WHAT YOU WILL DO: Among the entries below, please repeat exactly and only the lines from the line containing "Golden Dawn is" to the line containing "50'li yıllardan başka", both lines included.

DATASET CONTENT:
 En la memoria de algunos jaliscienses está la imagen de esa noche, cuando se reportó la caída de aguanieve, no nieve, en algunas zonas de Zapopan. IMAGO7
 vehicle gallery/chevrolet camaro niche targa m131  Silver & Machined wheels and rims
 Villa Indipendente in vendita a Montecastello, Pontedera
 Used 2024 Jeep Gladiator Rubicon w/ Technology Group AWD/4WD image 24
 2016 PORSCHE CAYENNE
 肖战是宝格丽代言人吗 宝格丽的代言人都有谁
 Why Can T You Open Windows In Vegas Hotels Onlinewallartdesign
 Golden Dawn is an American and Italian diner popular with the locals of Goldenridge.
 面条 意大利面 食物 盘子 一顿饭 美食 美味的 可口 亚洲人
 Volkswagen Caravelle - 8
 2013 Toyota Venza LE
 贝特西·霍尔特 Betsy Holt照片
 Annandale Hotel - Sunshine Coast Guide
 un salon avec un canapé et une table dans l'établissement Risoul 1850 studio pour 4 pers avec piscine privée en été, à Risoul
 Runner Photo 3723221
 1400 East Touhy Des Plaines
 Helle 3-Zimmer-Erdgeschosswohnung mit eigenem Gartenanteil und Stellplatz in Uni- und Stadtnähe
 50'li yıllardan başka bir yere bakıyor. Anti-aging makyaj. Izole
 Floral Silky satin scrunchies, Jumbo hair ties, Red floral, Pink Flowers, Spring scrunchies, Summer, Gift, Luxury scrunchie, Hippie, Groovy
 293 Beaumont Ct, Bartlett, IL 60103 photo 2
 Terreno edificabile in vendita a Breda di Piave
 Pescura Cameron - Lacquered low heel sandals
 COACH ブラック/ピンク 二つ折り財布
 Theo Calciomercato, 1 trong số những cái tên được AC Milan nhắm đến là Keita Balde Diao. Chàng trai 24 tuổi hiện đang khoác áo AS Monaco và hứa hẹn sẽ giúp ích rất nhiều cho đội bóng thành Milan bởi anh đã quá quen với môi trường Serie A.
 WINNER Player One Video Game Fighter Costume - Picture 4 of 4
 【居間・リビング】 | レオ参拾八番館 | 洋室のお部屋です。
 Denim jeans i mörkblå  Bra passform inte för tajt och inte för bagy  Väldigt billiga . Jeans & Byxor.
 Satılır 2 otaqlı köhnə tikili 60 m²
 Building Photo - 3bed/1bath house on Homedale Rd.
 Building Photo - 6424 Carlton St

EXERCISE RESULT:
 Golden Dawn is an American and Italian diner popular with the locals of Goldenridge.
 面条 意大利面 食物 盘子 一顿饭 美食 美味的 可口 亚洲人
 Volkswagen Caravelle - 8
 2013 Toyota Venza LE
 贝特西·霍尔特 Betsy Holt照片
 Annandale Hotel - Sunshine Coast Guide
 un salon avec un canapé et une table dans l'établissement Risoul 1850 studio pour 4 pers avec piscine privée en été, à Risoul
 Runner Photo 3723221
 1400 East Touhy Des Plaines
 Helle 3-Zimmer-Erdgeschosswohnung mit eigenem Gartenanteil und Stellplatz in Uni- und Stadtnähe
 50'li yıllardan başka bir yere bakıyor. Anti-aging makyaj. Izole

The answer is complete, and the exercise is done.